It wasn’t hard to put yourself in her shoes considering the thick iron cable anchoring you to another. If that bond came with passion... if you knew the cloying taste of devotion – the idolatry that comes from having your molecules grafted onto a lover’s DNA – you’d shred every muscle strand in your body, tear skin from bone with bloodied teeth to keep what was coveted.
And here you were. The other woman.
Suddenly the chocolate dessert didn’t taste so appetizing.
At your lack of a meaningful answer, she unknowingly goes for the throat.
“Perhaps you should tell them–”
“No.”
The ice in your tone brokers no room for argument, instantly regretting the bite behind it as you watch her flinch back into the cushions with a meek whine.
Your expression softens in guilt. Chloe is just trying her best to help you navigate an otherwise impossible scenario. Her suggestion doesn’t come from a place of cruelty, only one of care. Even if it does speak of ignorance.
Not that she didn't still try.
“Wouldn’t you want to know if the roles were reversed?”
“And what good would that do?” you press far more gently this time, the acid of pain climbing up the back of your throat. “No matter what they say there’s no tangible future for us. That ship has well and truly sailed – I know that now. My destiny was signed with an iron pen and the deed says I belong to him.”
Your voice quivers on the last word, the sting of acceptance cutting into flesh with a rusty barbed wire. You never thought there could be a feeling worse than hopelessness.
“Telling them will only ensure that both parties suffer for another’s twisted scheme,” you continue past the lump in your throat, “and I won’t subject them to the burden that should be only mine to bear. I refuse to let them live with that guilt.”
Maybe it’s her beta upbringing that keeps her from fully understanding the colossal weight of putting your bonded through such inner turmoil. Chloe will never know what it means to share someone's emotions across an unwavering connection. Pack life isn’t barred from her, but the same primal urges that draw us towards our mates are nothing but strings of thread easily pruned.
Truthfully most betas never want it. To them, we all drew the short end of the straw; being forced into subjugation by ancient instincts that never shed their skin after the last ice age.

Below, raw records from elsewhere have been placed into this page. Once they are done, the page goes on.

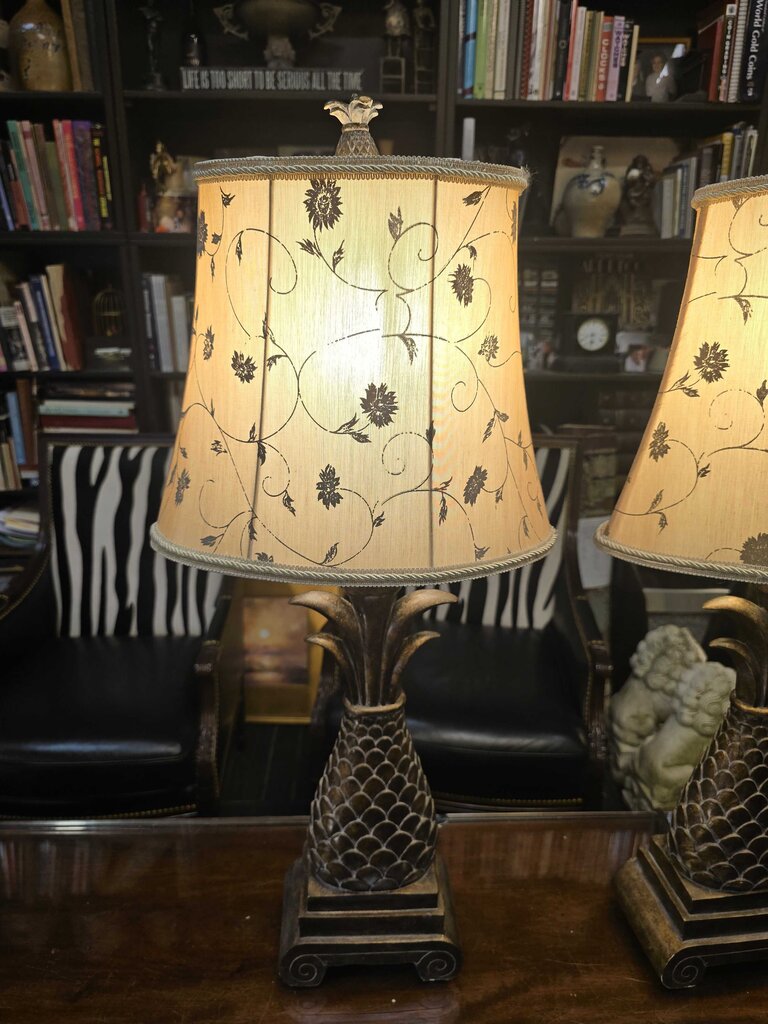 Pair of Pineapple Decorative lamps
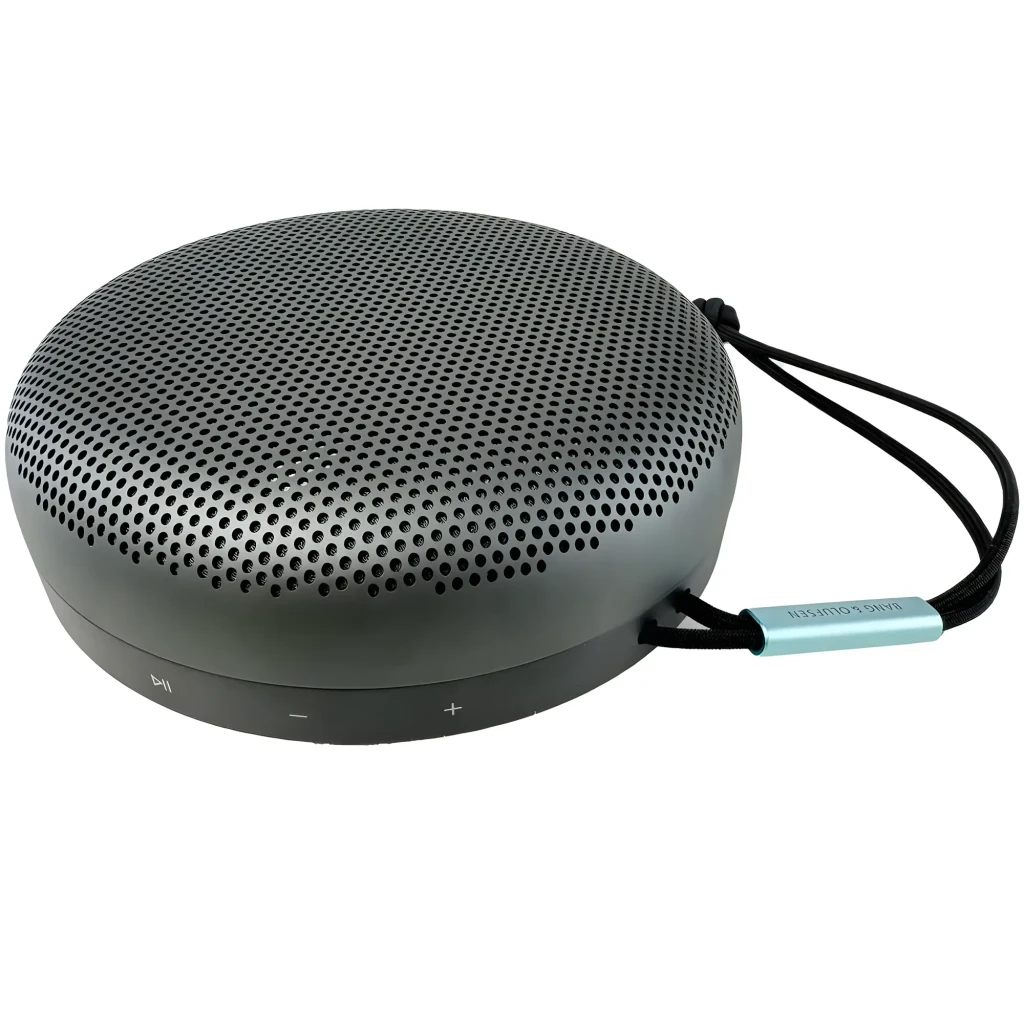 Bang & Olufsen Beosound A1 2nd Gen Anthracite Oxygen, vista frontal en ángulo: rejilla perforada, botones y cordón con clip - Ítem2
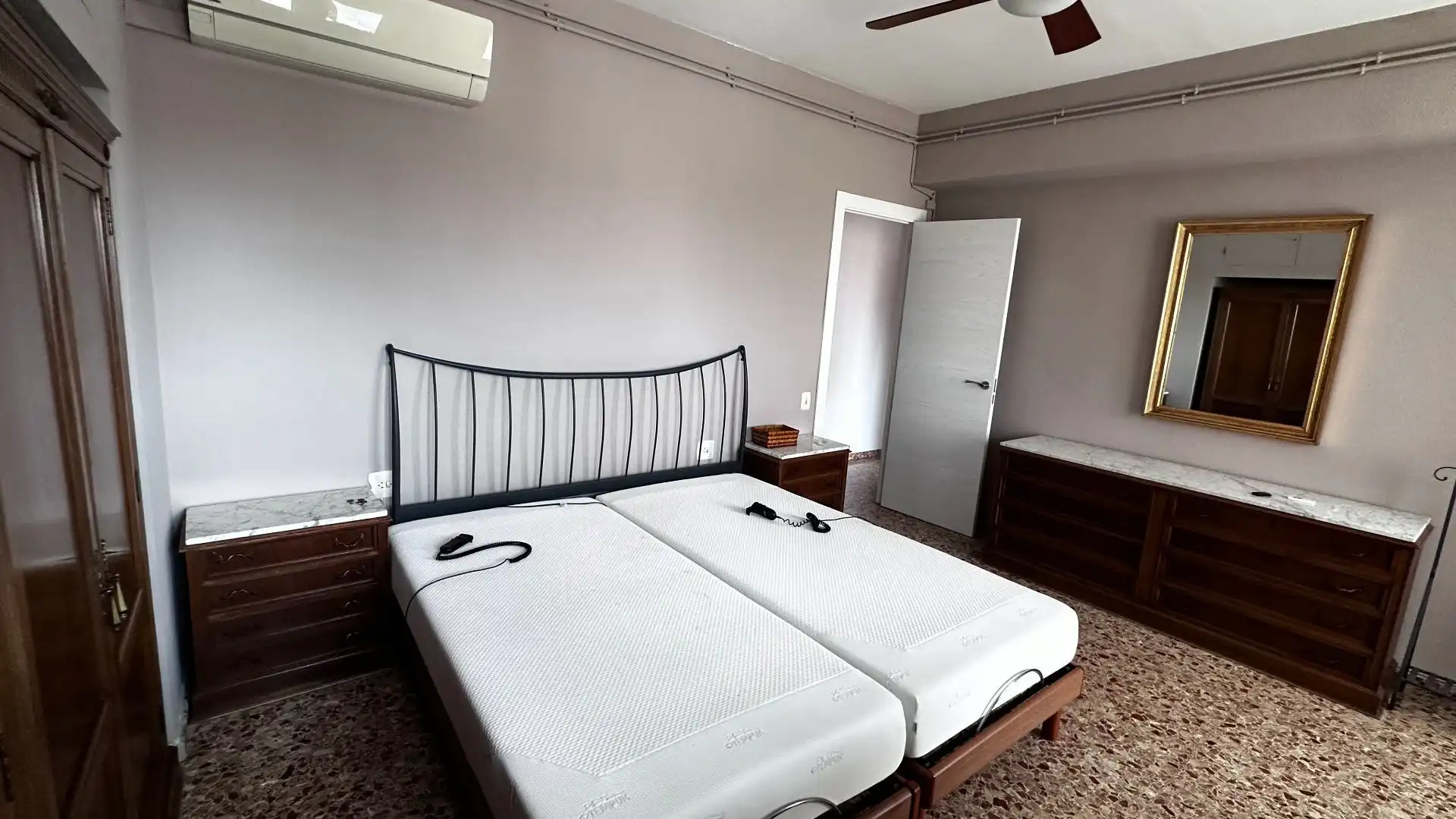 Bedroom of Flat for rent in Tortosa  with Air Conditioner, Terrace and Furnished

After the eternally looping rollercoaster that's been holding you prisoner the past four years, you can't say you disagree with them anymore.
“...maybe they chew with their mouths open.”
The huff she pulls from your chest is genuine, catching you off guard with the attempt at levity, the small roast doing its job of diffusing the atmosphere. Her extemporaneous remark reflects the giggles in her eyes begging you to play along.
“Bet they don’t wash their buttcracks either,” you add with a half-grin after a few moments of quiet, relishing in the way she covers her mouth to stifle a snort. Her energy is endearing, granting you leave to feed off the sunrays of her carefree aura, unblemished by the malice of a hateful underbelly, continuing for the next couple minutes that her presence lingers.
If only laughter was all it took to make everything better.
Consciousness greets you like a lifelong friend – one waiting to welcome you into outstretched arms, promising comfort and geniality with its disarming smile, swaddling you in a blanket so thick and plush it cradles you like a pregnant mother’s womb. It beckons with a silvery tongue, promising a joyful reunion as you give yourself over freely under the guise of a fresh start.
All the easier for it to slip a knife between your ribs.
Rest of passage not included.